Sean Tuohy

Personal information
- Born: November 23, 1959 (age 66) New Orleans, Louisiana, U. S.
- Listed height: 6 ft 1 in (1.85 m)
- Listed weight: 190 lb (86 kg)

Career information
- High school: Isidore Newman (New Orleans, Louisiana)
- College: Ole Miss (1978–1982)
- NBA draft: 1982: 10th round, 218th overall pick
- Drafted by: New Jersey Nets
- Position: Point guard

Career highlights
- Second-team All-SEC (1980); Third-team All-SEC (1981); SEC all-time leader in assists;
- Stats at Basketball Reference

= Sean Tuohy =

American sports commentator and restaurateur

Sean Albro Tuohy (born November 23, 1959) is an American sports commentator and restaurateur. He played college basketball at the University of Mississippi in the 1980s.

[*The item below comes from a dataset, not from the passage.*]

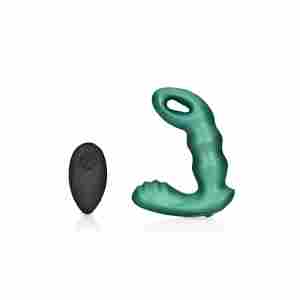 Beaded Vibrating Prostate Massager with Remote Control - Metallic Green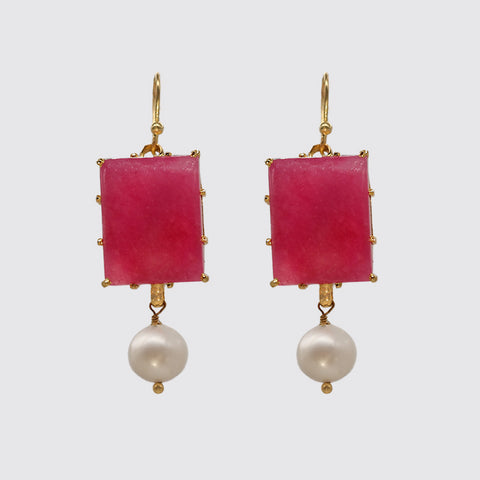 Dangle Rubellite, Fresh Water Pearl Earring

Tuohy, his wife Leigh Anne, and his family are a subject of Michael Lewis' 2006 book, The Blind Side: Evolution of a Game, and its 2009 feature film adaptation, The Blind Side, where he is portrayed by Tim McGraw. The book and subsequent film are based on the Tuohys' alleged “raising” of National Football League (NFL) player Michael Oher, who played in the NFL from 2009 to 2016.

==Early life==
Tuohy (Irish: Ó Tuathaigh) is of Irish descent and was raised Catholic. Tuohy is the son of Mida (Michell) and Edward "Skeets" Tuohy, a basketball coach at the Isidore Newman School, in New Orleans, Louisiana, where the Tuohy Gymnasium is named in his honor. Tuohy graduated from Newman. Out of high school, Tuohy was drafted by the Cincinnati Reds to play baseball, but turned down the offer to attend college. With sports as his "meal ticket" through high school and college, Tuohy left New Orleans for the University of Mississippi on a basketball scholarship.

===College===
Tuohy attended the University of Mississippi where he was a member of the Mississippi Alpha chapter of the Phi Delta Theta fraternity, played basketball, and also met his future wife Leigh Anne.

Tuohy led the Ole Miss Rebels to their first SEC men's basketball tournament championship in 1981. As a player at Ole Miss, Tuohy was named All-SEC in each of his four seasons. He was named to the All-Century SEC team and is the only basketball player in the history of the SEC to lead a statistical category for four years, as he did with assists. Tuohy holds the record for single season assists in the Southeastern Conference with 260. Tuohy is only the fourth basketball player ever chosen to the Ole Miss Sports Hall of Fame. Drafted by the NBA's New Jersey Nets with the 218th pick (Round 10) in 1982, he opted to continue his career overseas before returning to the U.S. to be with his father in his final days.

==Career==
Tuohy and his wife owned 115 fast food franchises, including those of Taco Bell, Kentucky Fried Chicken, Pizza Hut and Long John Silver's, but as of 2019, they own 11 Taco Bells, having sold the majority in six separate transactions.

Tuohy has also been a broadcaster for the Memphis Grizzlies of the NBA since 2001. He has seven years of experience as an analyst for radio broadcasts at Ole Miss, as well as national broadcasts for Westwood One and CBS Radio.

Tuohy and his wife are also the co-authors of the book, In a Heartbeat: Sharing the Power of Cheerful Giving, which was released in 2010.

==Personal life==
Tuohy married his wife, Leigh Anne, in 1982 and the couple have two children together. They have one son, Sean Jr., who played guard for the Loyola Greyhounds. They claimed to have adopted former NFL player Michael Oher when he was 17. They have one daughter, Collins, who was a state champion as a pole vaulter and cheerleader at the University of Mississippi. Tuohy and his wife live in Memphis, Tennessee.

In August 2023, Oher filed a lawsuit alleging that Tuohy and his wife did not adopt him and had instead tricked him to signing a conservatorship. The Tuohy's confirmed it was a conservatorship. He stated they did not trick Oher. Instead, it was done to ease the NCAA's concerns over Oher wishing to attend the University of Mississippi, a school where the Tuohys were boosters. He called the claims "insulting" but also said despite the allegations made by him, they still love Oher. A judge ended the conservatorship and declined to dismiss the lawsuit in September 2023. The Tuohys later told the court they would remove all mentions to Oher being adopted from their website and public speaking advertisements.